La tecnica è la seguente: si immobilizza la persona, la si rovescia prona a terra, si portano le braccia dietro la schiena e si bloccano i polsi con manette. Quindi, un numero variabile di agenti, anche quattro, gravano sulla sua schiena per impedirne qualsiasi movimento. Si determina qualcosa che possiamo chiamare compressione toracica e che porta all’infarto o all’asfissia.

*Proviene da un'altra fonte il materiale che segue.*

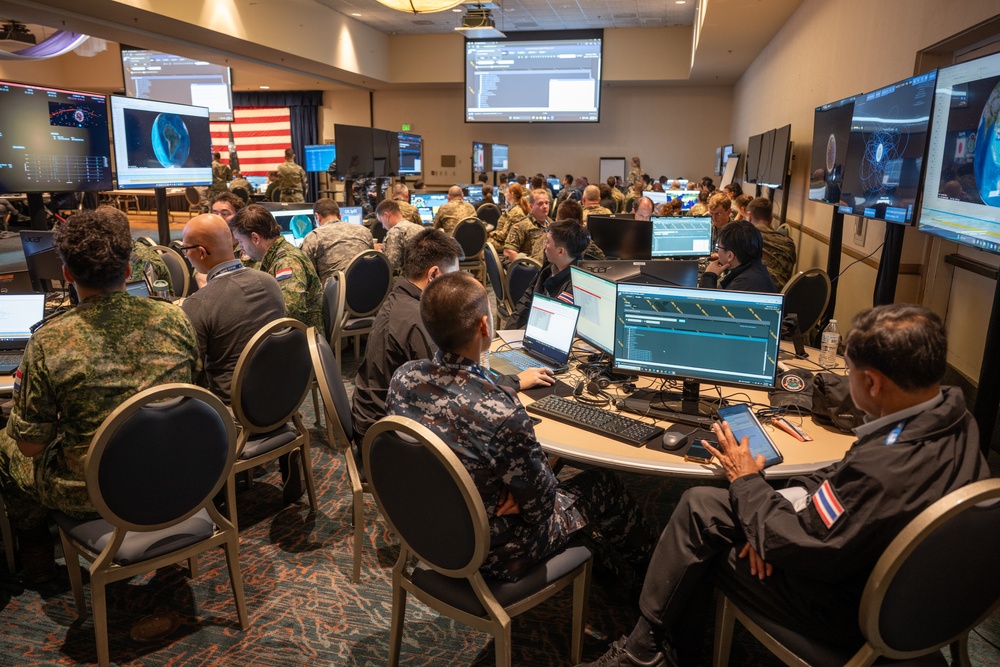 Global Sentinel 2025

Com’è possibile che dopo una serie di decessi in simili circostante, una modalità del genere venga ancora utilizzata? Sì, è possibile, perché è quella che risulta più facile e più immediata. Ma che denuncia, appunto, un incredibile deficit di competenza. Quando ho chiesto al generale Leonardo Gallitelli, comandante dell’Arma dei Carabinieri, e al prefetto Alessandro Pansa, capo della Polizia di Stato, se esistano protocolli precisi su ciò che è possibile fare e ciò che va assolutamente evitato, al fine di bloccare un individuo che si ritiene pericoloso, mi è stato risposto che questo tipo di tecniche e di regole sono tuttora in corso di definizione.

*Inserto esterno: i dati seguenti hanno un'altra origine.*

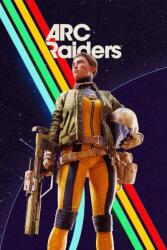 Embark Studios ARC Raiders [Deluxe Edition] (Xbox One)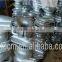 Electric galvanized wire rope k3 thimble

A me sembra terribilmente tardi. O meglio, ogni giorno che passa, a seguire le cronache, è sempre più tardi. Senza affrontare il complicato capitolo della morte di Davide Bifolco a Napoli, anche da lì emerge una domanda non troppo diversa: com’è possibile che per affrontare due giovani, palesemente privi di armi da fuoco o da taglio, almeno fino a prova contraria, un carabiniere spiani una pistola con il colpo in canna e senza sicura? È pensabile che qualcuno gli abbia insegnato che quella fosse la tecnica più opportuna? O , al contrario, non dovevano spiegargli che era proprio la modalità più inutile e più pericolosa? Come si vede, il problema della formazione è enorme. E della formazione culturale (quali sono i diritti e le garanzie dei cittadini) e della preparazione tecnica: come si affronta una manifestazione, come si ferma un individuo armato e come uno disarmato, come si opera un inseguimento. Mi sembra che, su tutto ciò, il ritardo sia addirittura di molti decenni. Ed è un’autentica tragedia.